**Supplied information**
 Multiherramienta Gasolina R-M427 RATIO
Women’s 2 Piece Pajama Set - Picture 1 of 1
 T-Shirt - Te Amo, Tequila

--

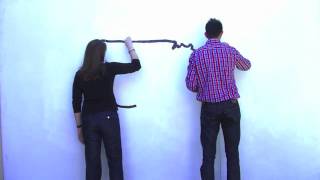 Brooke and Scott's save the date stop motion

---

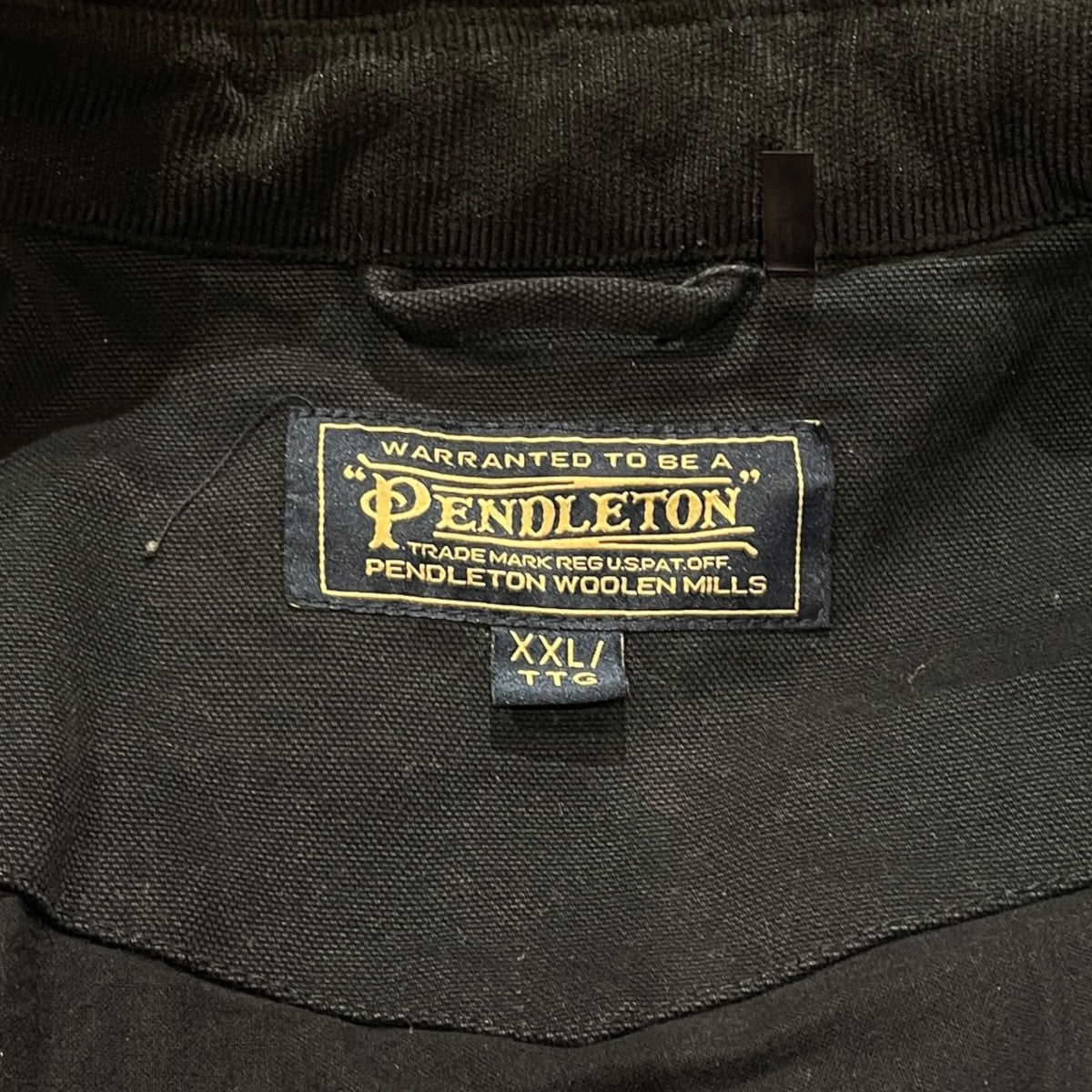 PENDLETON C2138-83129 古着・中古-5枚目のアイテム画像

**Your task**
Copy verbatim, from the listing above, each line from the one containing "Multiherramienta Gasolina R-M427 RATIO" down to the one containing "T-Shirt - Te Amo, Tequila", inclusive.

**Task response**
 Multiherramienta Gasolina R-M427 RATIO
Women’s 2 Piece Pajama Set - Picture 1 of 1
 T-Shirt - Te Amo, Tequila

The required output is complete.